No I'm expecting you to think more about your road position before it becomes an issue. If you're turning right why are you filtering down the left handside of traffic to sit in front of a car that you know is going to be accelerating behind you as soon as red+amber shows. I can't understand how you think that is a safer thing to do? Depending how many cars there are , let's say 3, I'd probably wait my turn at the back. Let's say 10, I'd filter down the right hand side (assuming I've got space to do so) and then probably stop a couple of cars back from the front. If it's not safe to filter on the right then down the cycle lane to two cars back, look at the driver behind you, signal what you're going to do when the lights change and then do it. Simples as @User30090 would say.


----------



## Sara_H (20 Oct 2013)

martint235 said:


> No I'm expecting you to think more about your road position before it becomes an issue. If you're turning right why are you filtering down the left handside of traffic to sit in front of a car that you know is going to be accelerating behind you as soon as red+amber shows. I can't understand how you think that is a safer thing to do? Depending how many cars there are , let's say 3, I'd probably wait my turn at the back. Let's say 10, I'd filter down the right hand side (assuming I've got space to do so) and then probably stop a couple of cars back from the front. If it's not safe to filter on the right then down the cycle lane to two cars back, look at the driver behind you, signal what you're going to do when the lights change and then do it. Simples as @User30090 would say.
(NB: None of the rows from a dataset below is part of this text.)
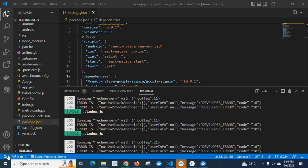Dear friends, in this video I am going to explain an error which I got when I was working in a React Native project. The error is: native stack android empty array, user info null, message developer_error, code 10.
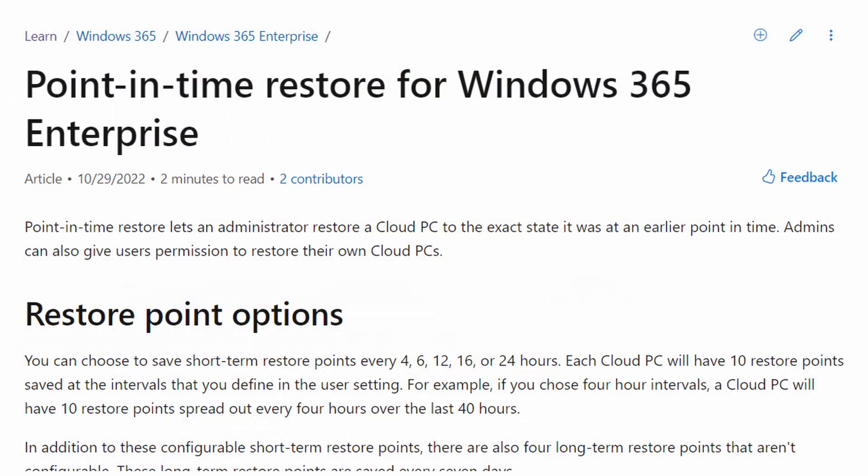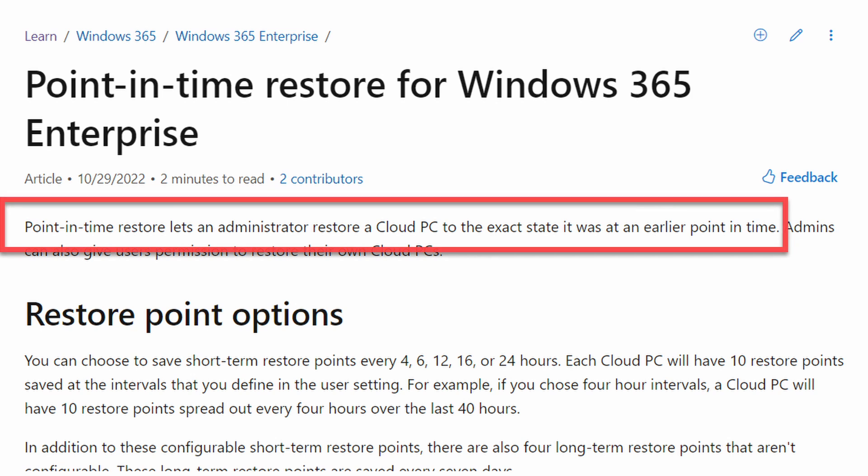According to Microsoft, the point-in-time restore feature for Windows 365 lets an administrator restore a Cloud PC to the exact state it was at an earlier point in time. It's not going to be the exact state. It will be as if you pull the power on it. But that's nitpicking. What the point-in-time restore function does is to take snapshots or restore points of your Cloud PCs at given intervals and allow you to restore back to one of those restore points.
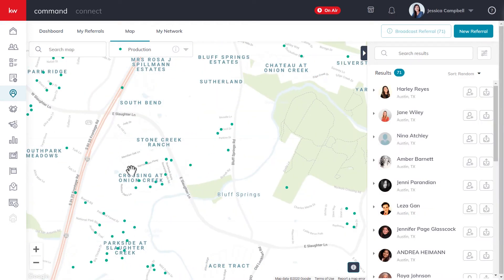Each dot on the referral map underneath the Production view represents deals that agents have closed in either the US or Canada. Each dot also represents a closed buyer or seller transaction located at the location of the home that was either bought or sold. This allows you to zoom into a specific area and see only agents who have done deals in that area in the last 12-month period.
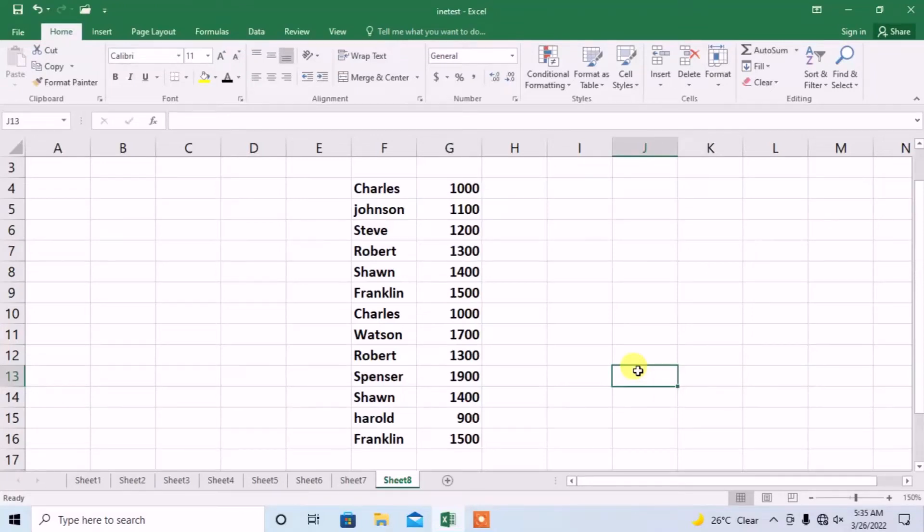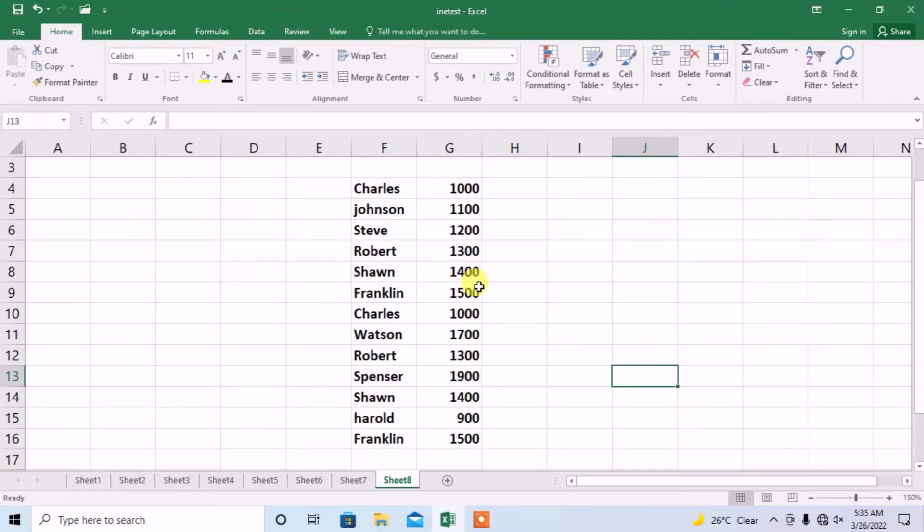Hello friends, in this short tutorial you are going to learn how to find and remove duplicate entries in Microsoft Excel. Here you can see I have a few entries. Some of these entries are duplicates. First of all,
I'm not talking about two or ten cars. I'm talking about a mile long that is nose to tail from the junction I join it to where the traffic lights are. Without fail, I have to filter the whole way up to the lights. If it's green I carry on through on the left if its red I sit in the ASL in the way it's designed, but if there's a car there it's safer to go over the line and wait in front than to sit in the left potentially putting myself at risk of a left hook. It causes no harm to anyone else and reduces the risk to me, so whats the problem?
It's uphill so it takes a few minutes to get up. 
There isn't enough space to filter on the right due to oncoming traffic and the same problem of not being able to pull back in.
If your filtering along stop-start nose to tail traffic you don't always get an opportunity to get into primary before the ASL, and what would be the point if when the lights change you're still going be filtering once the lights have changed. If I wanted to sit in a queue of traffic I'd buy a car and do it in comfort.


----------



## martint235 (20 Oct 2013)

Sara_H said:


> There's also a another set of lights where I have to turn right.,





Sara_H said:


> I'm not talking about two or ten cars. I'm talking about a mile long that is nose to tail from the junction I join it to where the traffic lights are. Without fail, I have to filter the whole way up to the lights. If it's green I carry on through on the left if its red I sit in the ASL in the way it's designed, but if there's a car there it's safer to go over the line and wait in front than to sit in the left potentially putting myself at risk of a left hook. It causes no harm to anyone else and reduces the risk to me, so whats the problem?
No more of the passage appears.